I wonder how many other teams had this experience? It would be interesting to see a scatter plot of Jaci’s ELO vs. FUEL OPR.

I don’t have Fuel OPRs handy, but I do have OPRs vs ELO handy.

http://i.imgur.com/GHrNGP9.png

Someone obviously got eloboosted pretty hard…

1986 with Labview/mecanums = highest rating

That feeling when your robotics team rank matches your Overwatch rank.(End of season 4 rank is off by 12 points XD)

This is a really cool!

Man with all these mecanum/swerve/omni robots on Einstein- I miss the tank meta from last year. (I’m here all day folks I’ve got a million of these)

Any way to post the ELO in relation to how many years a team has competed?

Does this data include elimination matches, or just qualifications?

Does this data include any measure for bonus ranking points (4 rotor, 40kPa)?

Also, lol 254 isn’t grandmaster

I checked all teams named “Flash” to see if there were any Grandmasters.

1319 - Flash - Gold
2532 - FLASH Power - Gold
3388 - Flash - Gold

I’m as disappointed as you are.

I’m pretty sure I have a video of a 1319 match at Champs in 2007 where Blair introduced them as The Grandmaster

I see a flaw with this system (although you will have flaws with any other numerical ranking system). This does not take into account difficulty of schedule.
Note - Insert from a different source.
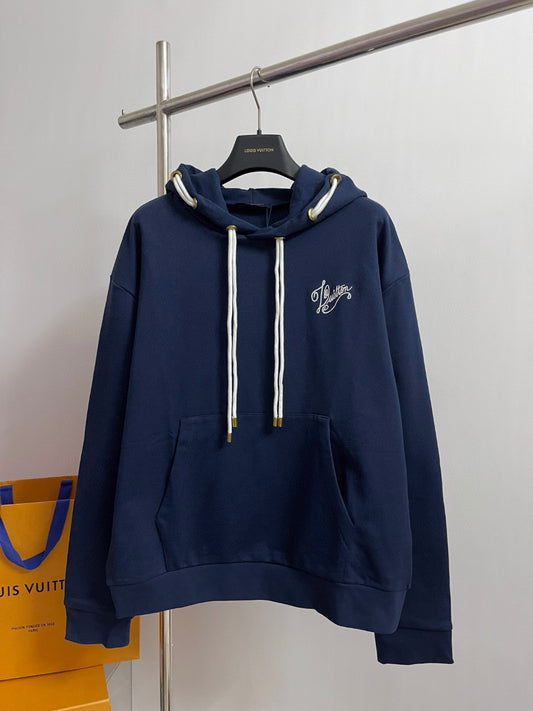 Blue Hoodie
Teams that were at more difficult regionals or divisions at worlds are bound to be lower ranked than others. Or, if a team is paired with a poor alliance partner in playoffs, the team will fall again. Maybe accounting for DOS and difficulty of regional would help. Although this gives a general direction of where a team lies, we still search for the perfect formula.

Another issue I’ve always had with Elo is that match order matters. If you scramble up the order matches, you’ll get different results, which I’ve never been a fan of.

The Elo system, for games based on location, is intended to rank teams against each other in that specific region (with a bit of bleed accounting for championships). You see this in how the system works for FRC, and also for video games as well (Australia is paired with the Americas region for overwatch, but server routing puts our regions in two very different ballparks)

That being said, the Elo system isn’t perfect, and isn’t entirely well suited to FRC for obvious reasons. Limiting the elo to an event-per-event basis would be a better representation, but the amount of games played and sample size doesn’t make it viable.